Exercise:
Output all entries exactly as they appear and skip the pictures.

Captioned web images:
⟨
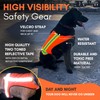 BUDDY GLOW Reflective Dog Vest – Fluorescent Orange | High-Visibility,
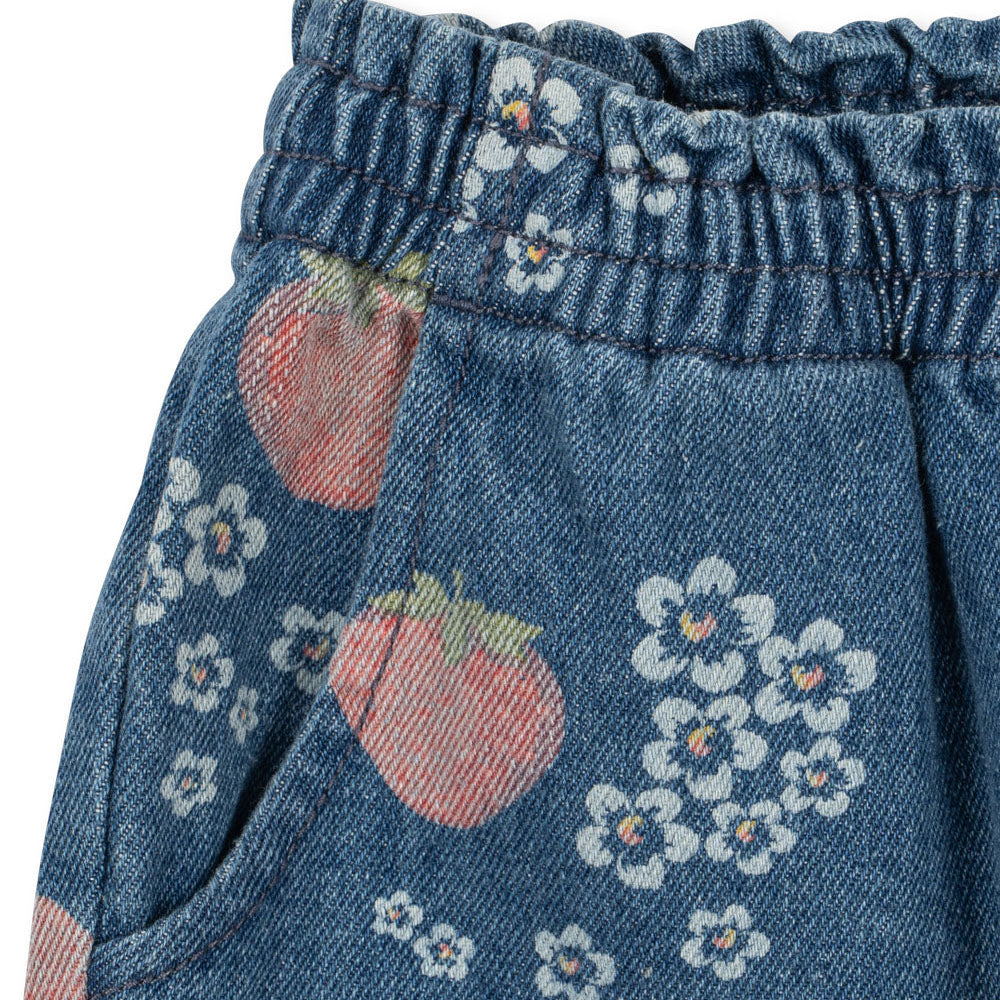 MAGOT FRILL PANTS GOTS - MARMELADE SUN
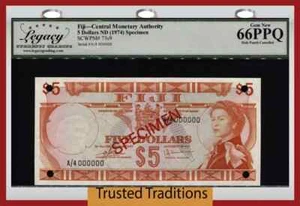 (1974) FIJI 5 DOLLARS SPECIMEN LCG 66 PPQ - Bild 1 von 2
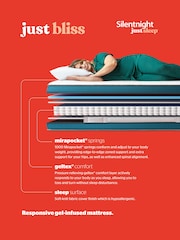 Silentnight Just Sleep Bliss Gel Rolled Mattress - Image 4 of 4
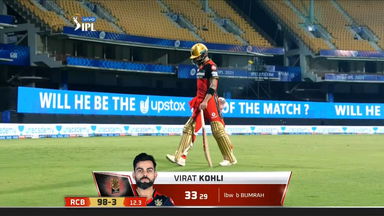 M01: MI vs RCB – Virat Kohli Wicket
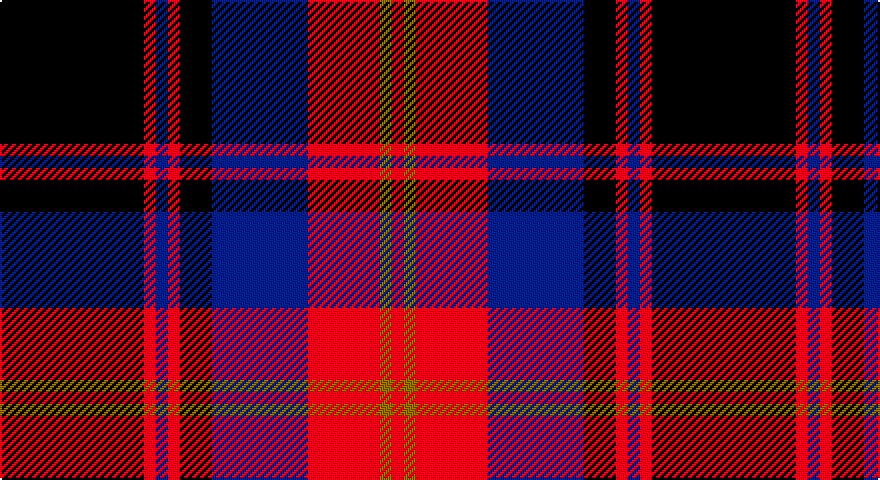 K/72 R6 DB6 R6 K16 DB48 R36 Y6 R/6 tartan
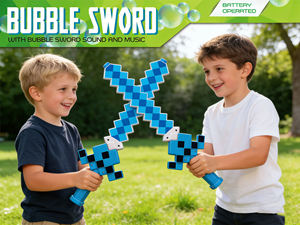 Espada <span class=keywords><strong>de</strong></span> juguete LED clásica con luz y sonido para exteriores, espada <span class=keywords><strong>de</strong></span> burbujas LED <span class=keywords><strong>de</strong></span> píxeles, varita <span class=keywords><strong>de</strong></span> burbujas para niños, venta al por mayor - Product Image 5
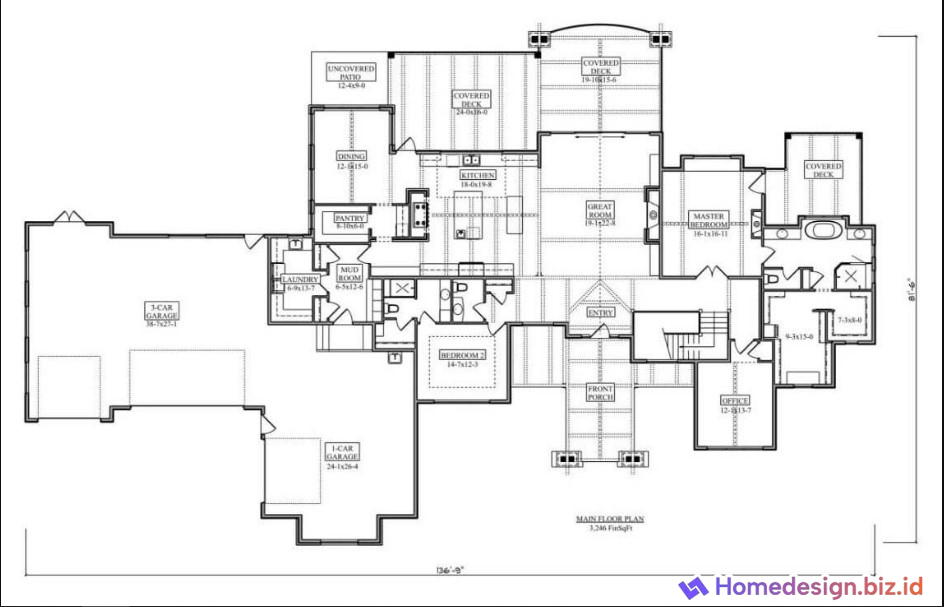 Desain Rumah 2 Kamar Tidur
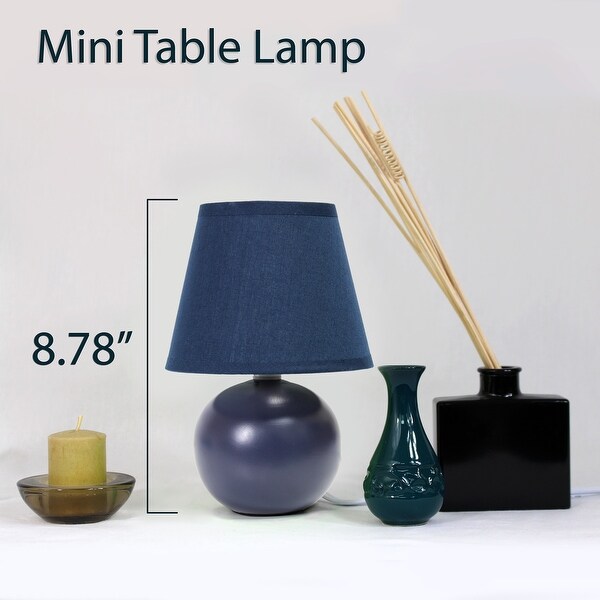 mini ceramic globe table lamp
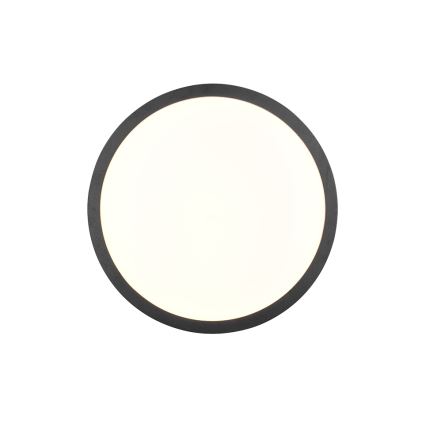 Trio - ISEO Dimmable LED Ceiling Light, 24W/230V, 3000K, Ø 40 cm, Black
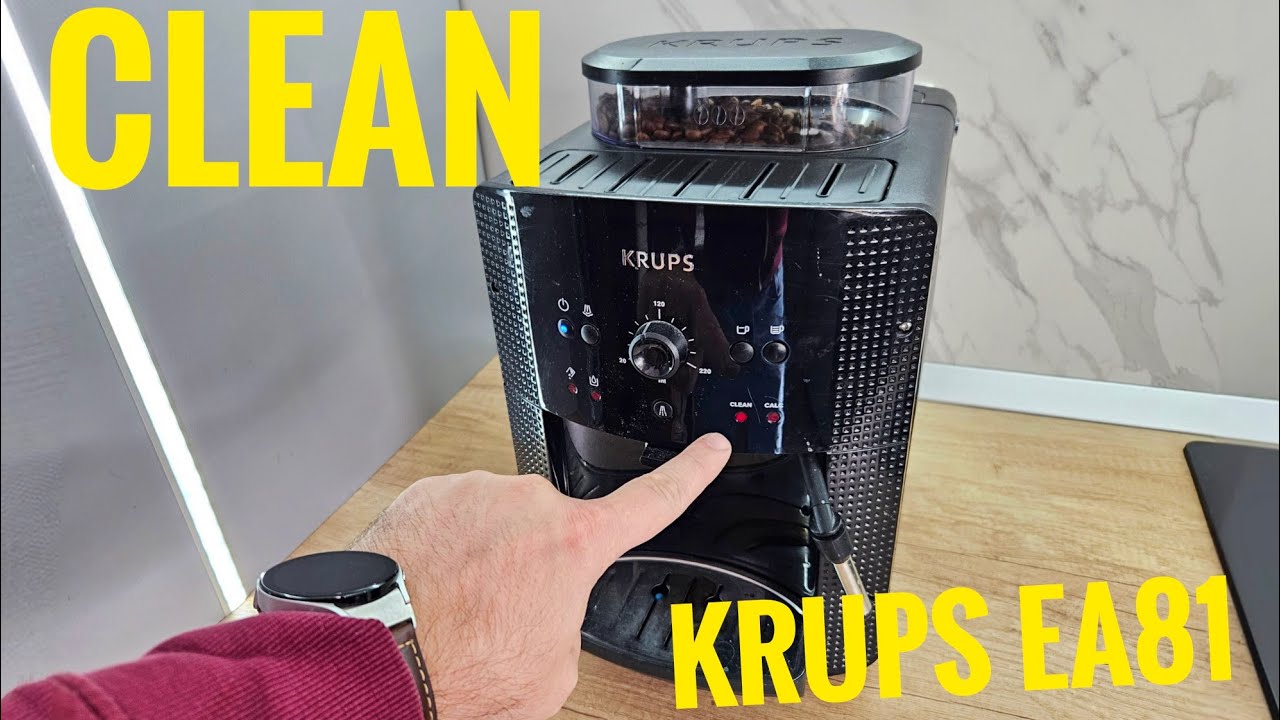 CLEAN - серия Krups EA81. Красный светодиод Clean мигает.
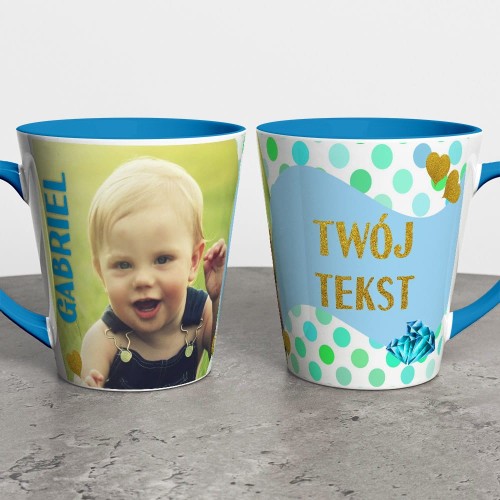 Foto Kubek Latte Ze Zdjęciem i Napisem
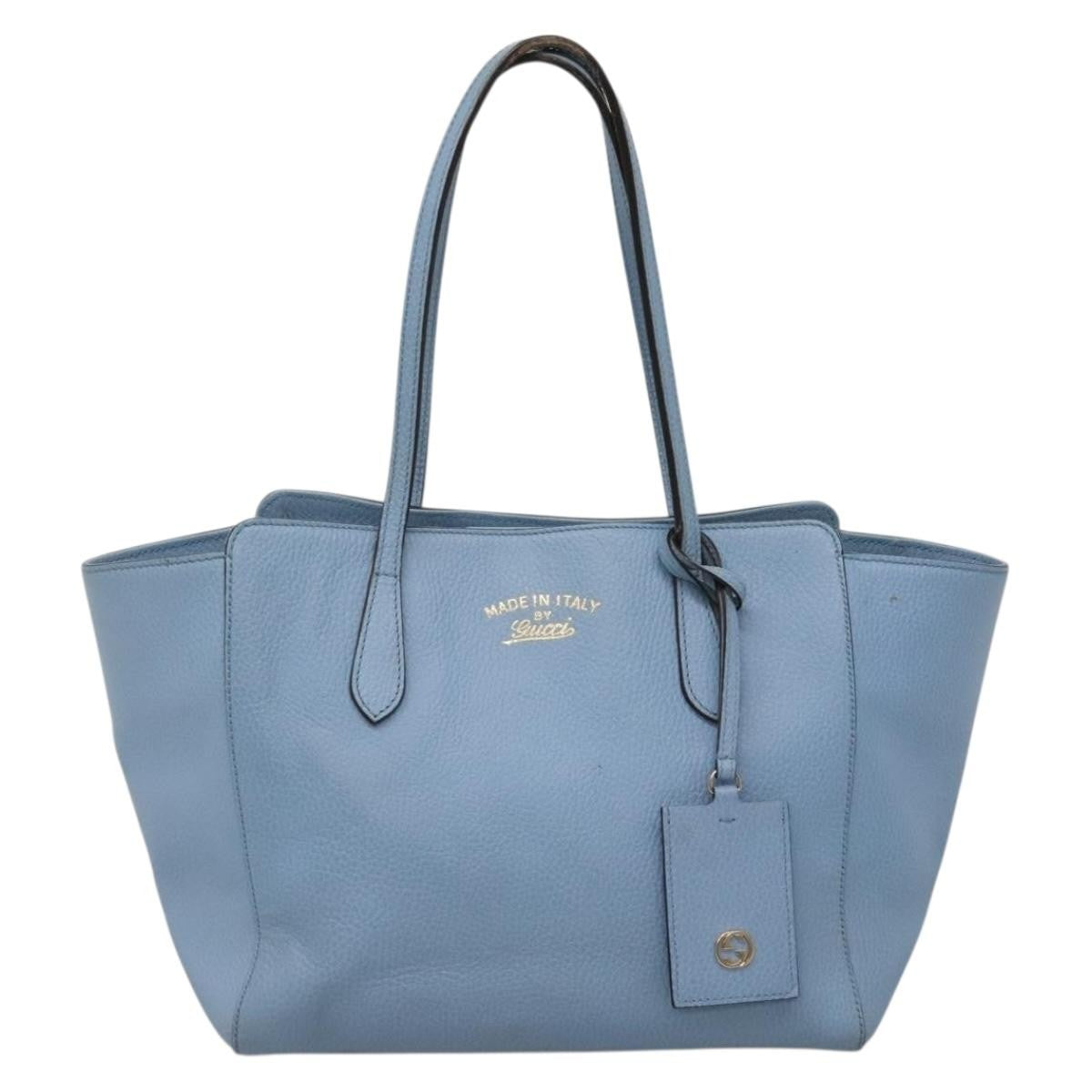 Gucci Swing Tote Leather, BLUE, LEATHER, Tote bag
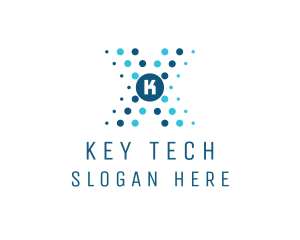 Futuristic Tech Business logo design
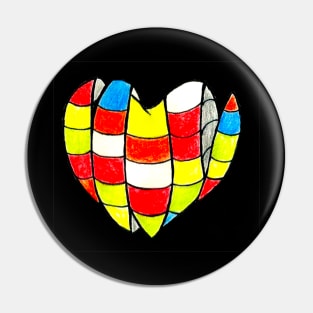 Rubik's Heart Pin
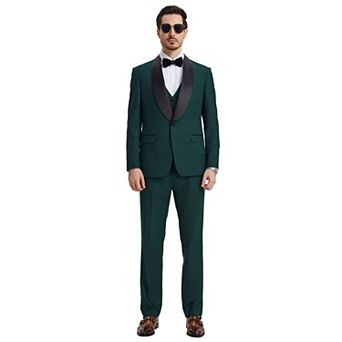 Men's Stacy Adams Hybrid-Fit 3 pc Tuxedo Set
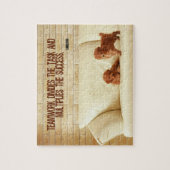 "Teamwork Success" Inspiration Zitat Puzzle (Vertikal)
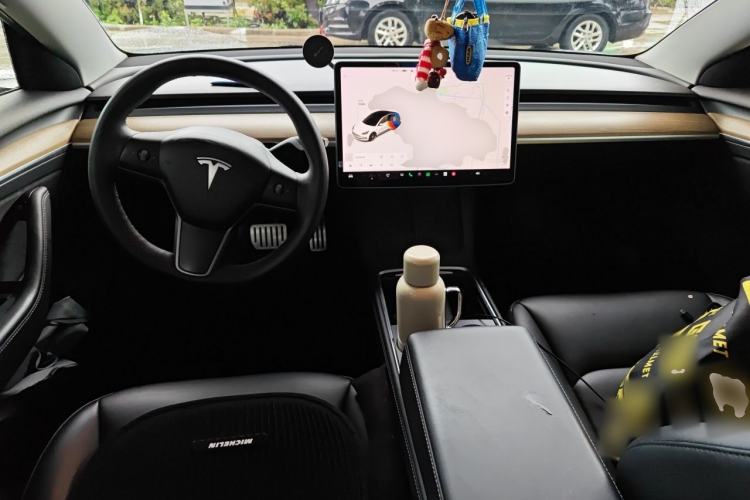 Used Tesla Model 3 2021 Performance High-Performance All-Wheel-Drive Version 3D6 Center Console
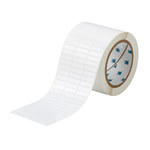 image of Brady THT-51-423-10 Die-Cut Printer Label Roll - 1 in x 0.25 in - Polyester - White - B-423 - 30235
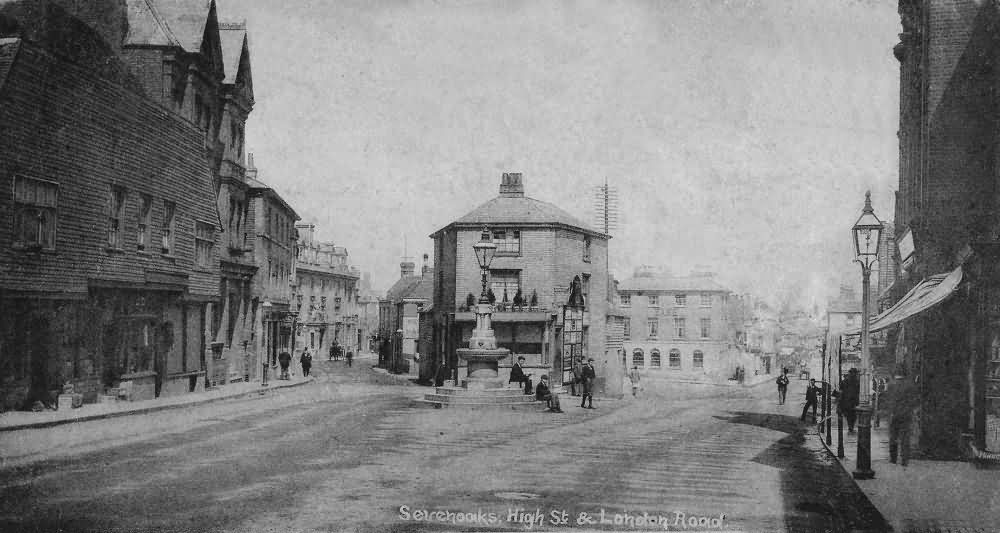 High Street & London Road - 1902
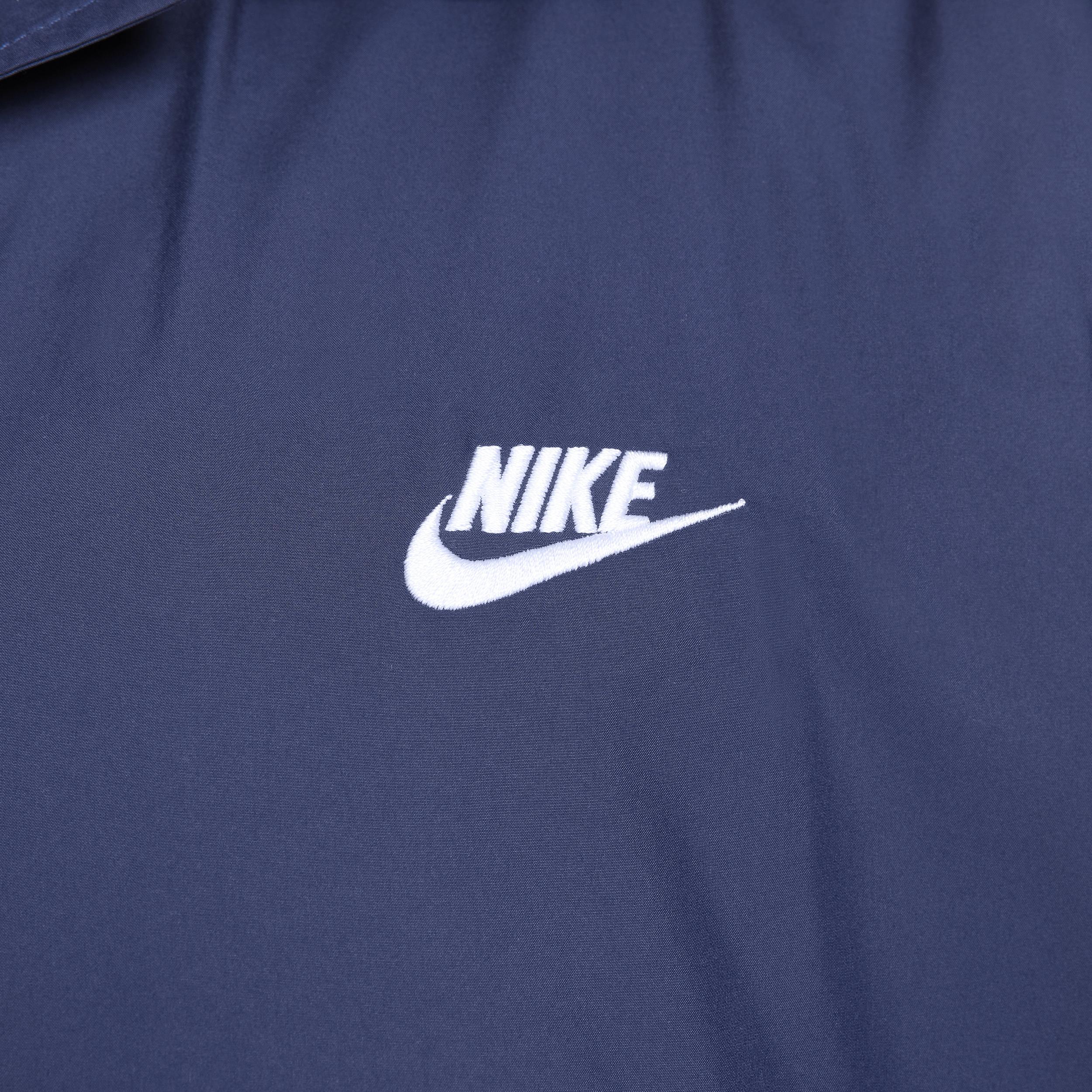 Big & Tall Nike Club Coaches Jacket, Mens Black Navy Product Image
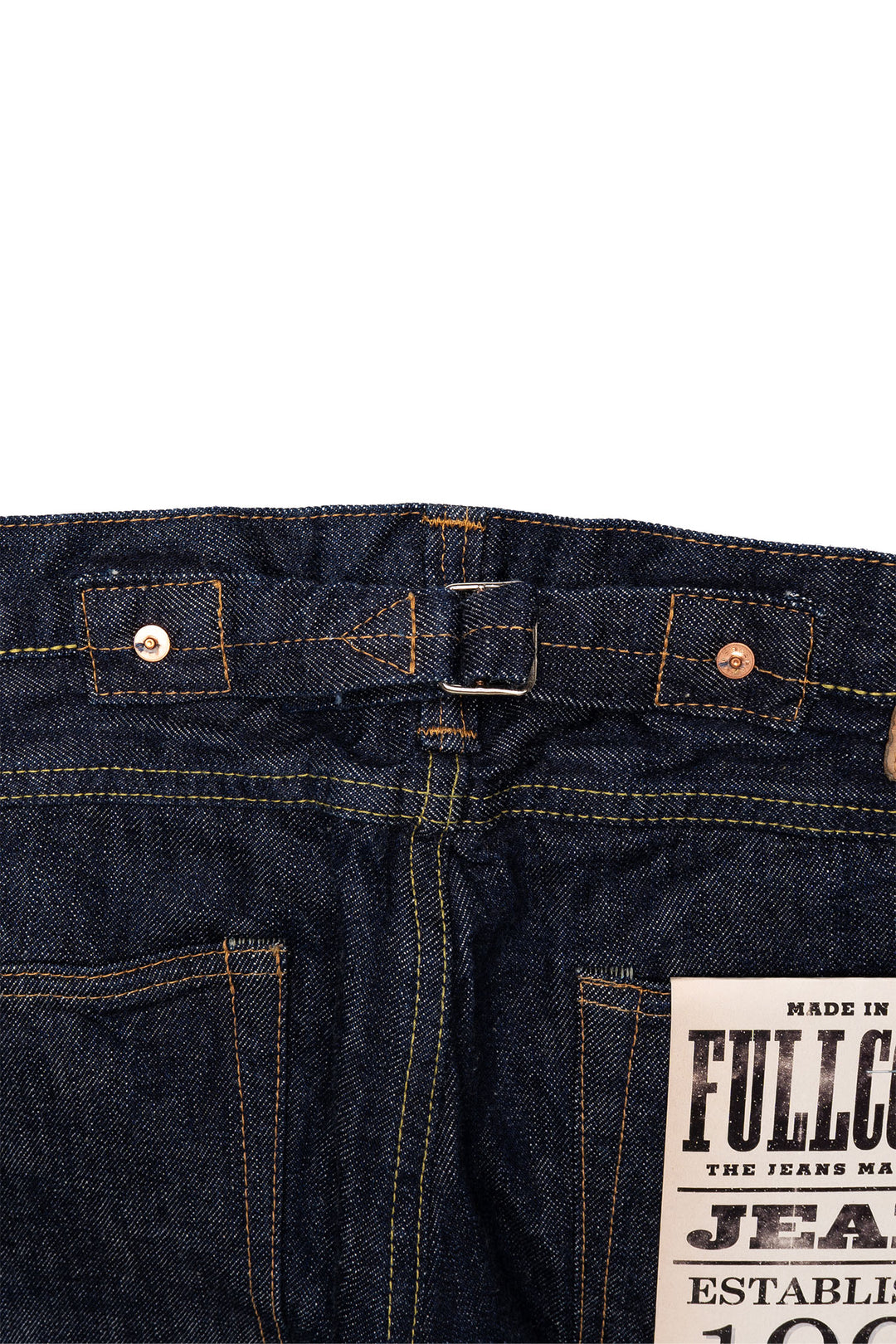 Fullcount 0107BIG 14oz Wide Straight (Blue in Green Exclusive Fit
⟩
Response area:
 BUDDY GLOW Reflective Dog Vest – Fluorescent Orange | High-Visibility,
 MAGOT FRILL PANTS GOTS - MARMELADE SUN
 (1974) FIJI 5 DOLLARS SPECIMEN LCG 66 PPQ - Bild 1 von 2
 Silentnight Just Sleep Bliss Gel Rolled Mattress - Image 4 of 4
 M01: MI vs RCB – Virat Kohli Wicket
 K/72 R6 DB6 R6 K16 DB48 R36 Y6 R/6 tartan
 Espada <span class=keywords><strong>de</strong></span> juguete LED clásica con luz y sonido para exteriores, espada <span class=keywords><strong>de</strong></span> burbujas LED <span class=keywords><strong>de</strong></span> píxeles, varita <span class=keywords><strong>de</strong></span> burbujas para niños, venta al por mayor - Product Image 5
 Desain Rumah 2 Kamar Tidur
 mini ceramic globe table lamp
 Trio - ISEO Dimmable LED Ceiling Light, 24W/230V, 3000K, Ø 40 cm, Black
 CLEAN - серия Krups EA81. Красный светодиод Clean мигает.
 Foto Kubek Latte Ze Zdjęciem i Napisem
 Gucci Swing Tote Leather, BLUE, LEATHER, Tote bag
 Futuristic Tech Business logo design
 Rubik's Heart Pin
 Men's Stacy Adams Hybrid-Fit 3 pc Tuxedo Set
 "Teamwork Success" Inspiration Zitat Puzzle (Vertikal)
 Used Tesla Model 3 2021 Performance High-Performance All-Wheel-Drive Version 3D6 Center Console
 image of Brady THT-51-423-10 Die-Cut Printer Label Roll - 1 in x 0.25 in - Polyester - White - B-423 - 30235
 High Street & London Road - 1902
 Big & Tall Nike Club Coaches Jacket, Mens Black Navy Product Image
 Fullcount 0107BIG 14oz Wide Straight (Blue in Green Exclusive Fit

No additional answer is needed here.